Ever since Boris tried his first bowl of split pea soup over the summer, and with startling regularity, he has been HOUNDING me to find a good recipe for one so that we could make it at home. It’s taken a while for us to get around to it, not because I didn’t have a good recipe, because I did, it’s just that I tend to see split pea as a 3 season soup, and not one I generally feel like cooking in the heat of the summer. Now that cooler weather is upon us, Boris is getting his reward, and it is coming courtesy of none other than our good friend, chef Thomas Keller.
I received Keller’s latest cookbook, Ad Hoc at Home for my birthday in September, and upon my first reading, decided that when the time was right, Boris and I would make his split pea soup with ham hock, fresh peas and mint, as it looked to be an excellent interpretation of the classic soup.
We decided to alter his method in three places to speed up our weeknight production, and to keep things simpler at the table. Keller recommends cooling the stock after removing the aromatic vegetables, and before adding back the split peas and the ham hock (this to help the split peas cook more evenly, which given that we were going to puree them, didn’t seem to be worth the extra time and effort to me), we just threw the peas and hock back into the hot stock and started the second cooking. Keller also has you serve the blanched peas and crème fraîche along side the soup as a garnish, and we decided to add them both to the hot soup before pureeing, keeping just the diced ham hock and mint as serving garnishes. We loved the resulting soup, with its fully pureed texture, and the smooth tang of the crème fraîche incorporated in the base soup, if you like split pea soup, you are gonna be in heaven with this one.
The only thing I would change the next time we make this (and Boris agrees), will be to work a little harder to find a smoked hock as the recipe calls for. The only one we were able to get was cured but not smoked, and we all felt that while the flavor was excellent, rich with the aromatics from the enhanced chicken stock, a little smokiness would make it even better.
This one comes with Boris’ seal of approval, a high honor indeed.
Cheers – Steve
- 3 tablespoons canola oil
- 2 cups thinly sliced carrots
- 2 cups coarsely chopped leeks
- 2 cups coarsely chopped onions
- Kosher salt
- 1 smoked ham hock (about 1 pound)
- 3 quarts chicken stock
- 1 pound (about 2 cups) split peas, small stones removed, rinsed
- 1 to 2 tablespoons red wine vinegar
- Freshly ground black pepper
- 2 cups peas, blanched
- 1/2 cup crème fraîche or sour cream
- Heat the canola oil in an 8 to 10 quart stock pot over medium heat.
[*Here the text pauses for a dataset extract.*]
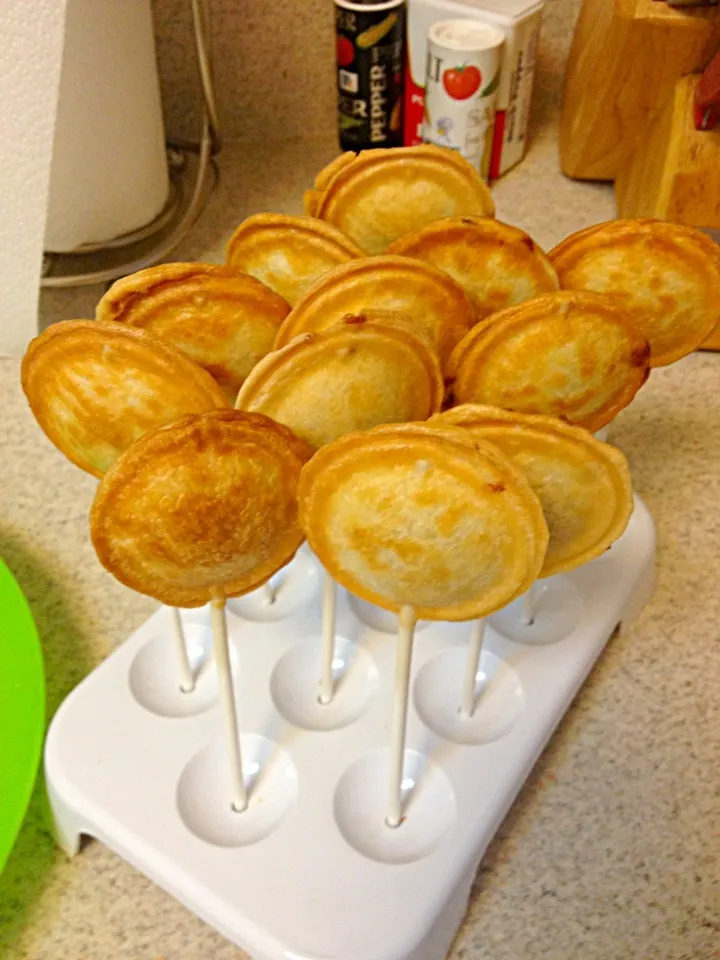 Snapdishの料理写真:S'mores Pie Pops|Jennifer Valenciaさん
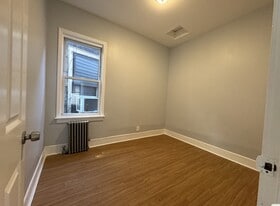 105 Wegman Pky, Unit 1 in Jersey City, NJ - Building Photo - Building Photo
Add the carrots, leeks, onions, and a generous pinch of salt. Reduce the heat to low, cover with a parchment lid, and cook very slowly, stirring occasionally, for 35-40 minutes, until the vegetables are tender. Remove and discard the parchment lid.
- Add the ham hock and chicken stock, bring to a simmer and simmer for 45 minutes. Strain the stock into a bowl, and discard the used vegetables. Return the stock and the ham hock to the pot, add the split peas and bring to a simmer. Simmer for 1 hour, or until the split peas are completely soft (do not worry if the peas start to break apart, as they will be pureed).
- Remove the soup from the heat, and remove and reserve the ham hock. Season the soup with 1 tablespoon vinegar and salt to taste, and add the blanched peas and crème fraîche. Transfer some of the soup to a blender, filling it only about 1/3 full, and blend on a very low speed until pureed. Transfer to a bowl and puree the rest of the soup in batches. Taste for seasoning, adding more vinegar, salt or pepper to taste. The soup can be refrigerated up to 2 days. It will continue to thicken as it cools, add a bit of stock or water when reheating if it becomes too thick.
- Pull away and discard the skin and fat from the ham hock. Trim the meat and cut into bite-sized dice.
- To serve, reheat the soup and ladle into warm bowls, passing the diced meat and mint leaves as garnishes.